October 8, 2008 at 1:20 pm
I have a table in the following format.
ID RecType PKIdentifier RecordData
1 01 acc00108 Text
2 02 NULL Text
3 03 NULL Text
4 01 acc00208 Text
5 03 NULL Text
6 04 NULL Text
7 05 NULL Text
8 01 acc00307 Text
9 02 NULL Text
10 03 NULL Text
etc.
I need a query that will Update all of the NULL PKIdentifiers with the value of the PKIdentifier for RecType 01 that precedes it.
For example records 2 and 3 need to be updated with the PKIdentifier from record 1. Records 5 -7 need to be updated with the PKIdentifiers from record 4 and so on. RecordType 01 is the parent and all their types are the child until you get to the next 01 RecType. I have approximately 20Million rows to update.
What is the best query for this?
October 8, 2008 at 2:52 pm
October 8, 2008 at 3:53 pm
That said, I went ahead and wrote a script to do this, mainly because it interested me.
The following script assumes several things.
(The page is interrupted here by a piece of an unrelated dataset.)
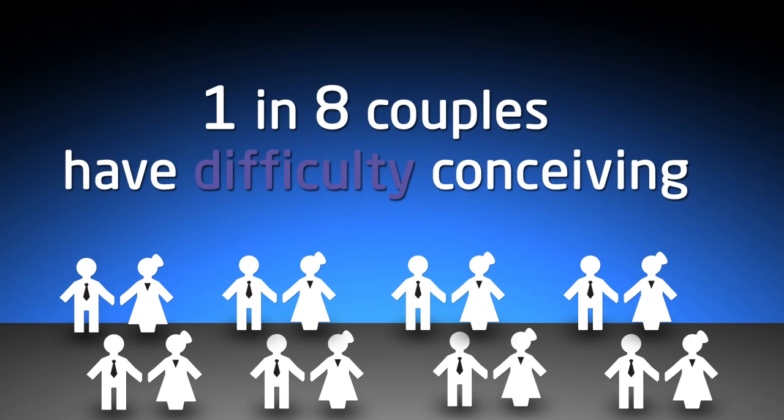Infertility is actually a really large problem in the United States and all over the world. About one in eight couples who are trying to get pregnant have trouble conceiving.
One is that there is no other piece of information that can tie these rows together. If there is, shame on you for not posting it. The second is that the id column is absolutely correct on the ordering. If it's not, you're prettymuch boned and can't really do anything with this data anyways. (assuming the first assumption is true)
This solution is RBAR, and may not perform well on 20 million rows. I'd test the second part on 100,000 rows or so to see how it runs on your server and decide whether or not it's a viable solution. This is a SQL 2000 solution, and I'm very interested to see what 2K5 solutions would have made this a whole lot easier.
[font="Courier New"]
----------------- Test Data Setup -------------------------
CREATE TABLE test1(
id INT,
rectype CHAR(2),
pkidentifier VARCHAR(10),
recorddata VARCHAR(10))
INSERT INTO test1(id, rectype, pkidentifier, recorddata)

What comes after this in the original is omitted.